We’ve all been there — you’re sitting in a panel for your favorite author/celebrity/progeek/what-have-you, and you’ve just listened to the longest question in creation asking if the panelist remembers “the one time you ate a bologna sandwich on set and in the commentary mentioned that you really wished you had onions — what was your motivation? Because my friend and I totally had a bet that you were seriously thinking about not onions but rather cheese and this is a long-standing debate which started back in the third grade when I remember watching the episode, and thinking, geez, are there crumbs from a bologna sandwich on his shirt….” Now you’re sitting in the audience screaming in your own head, “SHUT UP, SHUT UP, SHUT UP!!!” The question was somewhere at the beginning of the long tale and you don’t remember what it was, the celebrity doesn’t even look like they are paying attention anymore and this guy wants to end a long-running debate he had with someone about something. If you understand that frustration, this post isn’t for you. If you’re the person who asks five minute long questions at panels about minutia, keep reading so I don’t have to smack you next time I’m at a panel.
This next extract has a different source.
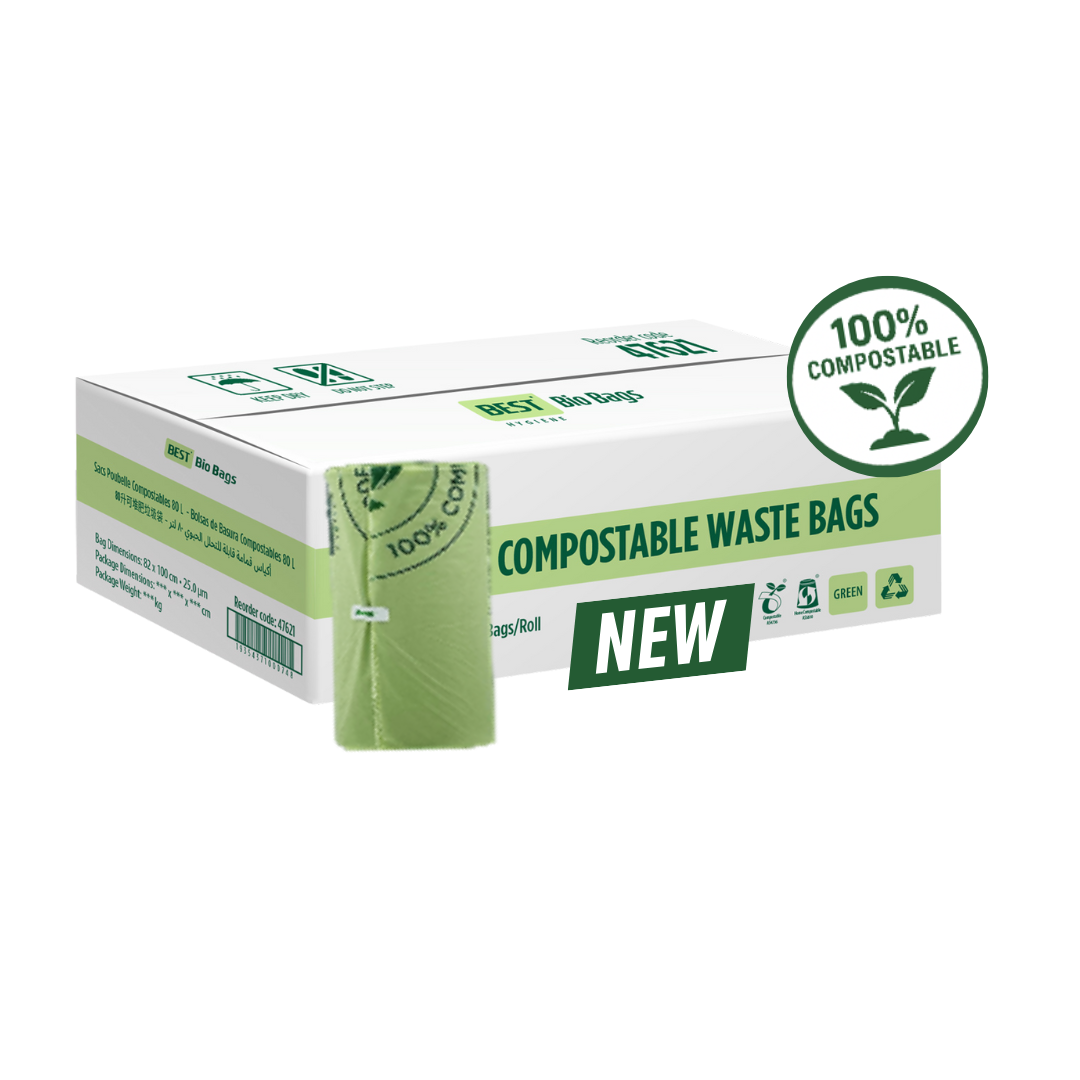 80 L Green Compostable Waste Bags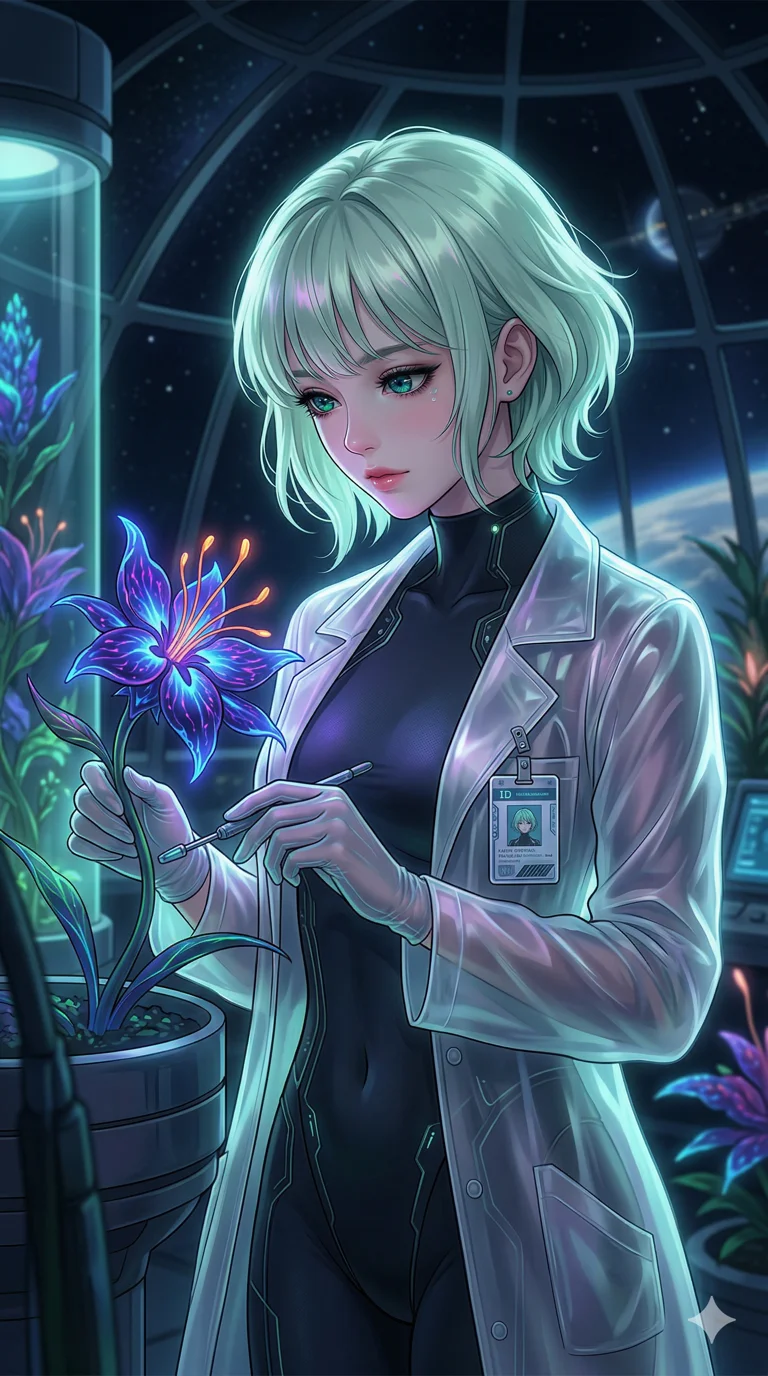 score_9, masterpiece, best quality, ultra-detailed, semi-realistic high-budget anime keyframe, an incredibly beautiful Korean woman. Medium shot of upper body filling the frame. She is a space botanist tending to a glowing alien flower in a bi-dome. She has an absolutely perfect 8-heads proportion, a towering and slender female figure. Her face is a masterpiece with pastel mint hair and intricate jewel-like eyes. She is wearing a translucent plastic lab coat over a skin-tight micro bodysuit, highlighting her alluring silhouette. Bioluminescent plant glow and soft shadows, radiant glowing skin, dramatic rim lighting, 2k, ultra detail, master piece, 9:16 ratio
First off, let me share my limited credentials. I have bachelors degrees in both Psychology and Criminal Justice. In both of these degrees I have had some experience in conducting effective interviews and learned some lessons on what kind of questions you should and shouldn’t ask. I’m going to impart some of what I’ve learned to hopefully help you to form questions at a panel and do it in an effective, concise and, most importantly, a not completely annoying way. Also, please — before you even ask a question, remember to raise your hand, wait your turn, and don’t shout out. That is just so rude on so many levels. That said, here are the “Kelly Cipera Guidelines to Effective Convention Panel Questioning”: 1) Be Concise, 2) Be Focused, 3) Be Relevant, 4) Be Open-ended. Let me break these down for you:
1. Be Concise
“Concise” means giving a lot of information clearly and in a few words: brief but comprehensive. Short and sweet, baby. Before raising your hand, think about the shortest way to ask what you’re asking. Try asking your question in a sentence (that isn’t a run-on sentence). If you can’t, don’t raise your hand yet. Panels are only so long, so be polite to others and not ask a question that takes up a quarter of it. Write down your question before you ask and see how long it really is and then see if you can shave it down. Now, I understand some questions require some additional information, so if one sentence isn’t possible, keep it AT MOST three or under. The panelist doesn’t need to know you have a long standing bet, the panelist doesn’t need your back story or life history. Which brings us to:
2. Be Focused
Keep your questions focused on the question. Like I said before, don’t wander off into how the question came up. No one needs to know that one day you were sitting on the toilet when suddenly you wanted to know about River Tam’s eye color. No one needs to know that you and your gaggle of friends have been arguing over the topic for the better part of the decade or that you have been feeding the trolls on a forum on the topic. Keep yourself focused on the question at hand. This will actually help keep the question concise. Rambling will not only lose the interest of the panelist but also you are less likely to have your actual question answered because it’s been lost in all of the background information you’re providing that is completely unnecessary.
3. Be Relevant
If the panel is about Firefly, don’t ask Nathan Fillion about his time on Desperate Housewives. Keep the topic of the panel in mind. Yes, you want to know more about the panelist or you wouldn’t be there, but one actor can be in several different genres or involved in projects completely unrelated to the topic of the panel, and it is considered bad form to stray from the topic of the panel unless the celebrity brings it up. If Nathan Fillion brings up his work on Desperate Housewives, feel free to ask a follow up question, but if the panel has remained on topic don’t. We all understand this is one of a few occasions where you will be able to actually talk to the celebrity in an open forum, but at the same time if it is a panel with more than one celebrity you are not only going off topic for the audience but for the panelists as well.
4. Be Open-ended
Not long winded. There is a HUGE difference. Ask open-ended questions. These are questions that invite discussion and longer answers. We’re at a panel — we want to hear the panelists talk, not you. Asking questions that can be answered with a “Yes” or a “No” doesn’t really invite conversation or follow up questions. Many times they can even be conversation enders, especially if you’ve just talked for ten minutes about why you are asking a question and then the question only requires a yes or no. “What do you think about…”, “How did that make you feel?”, “Can you explain…” are good ways to start these questions. Chances are if you’re asking, another fan might also want to know.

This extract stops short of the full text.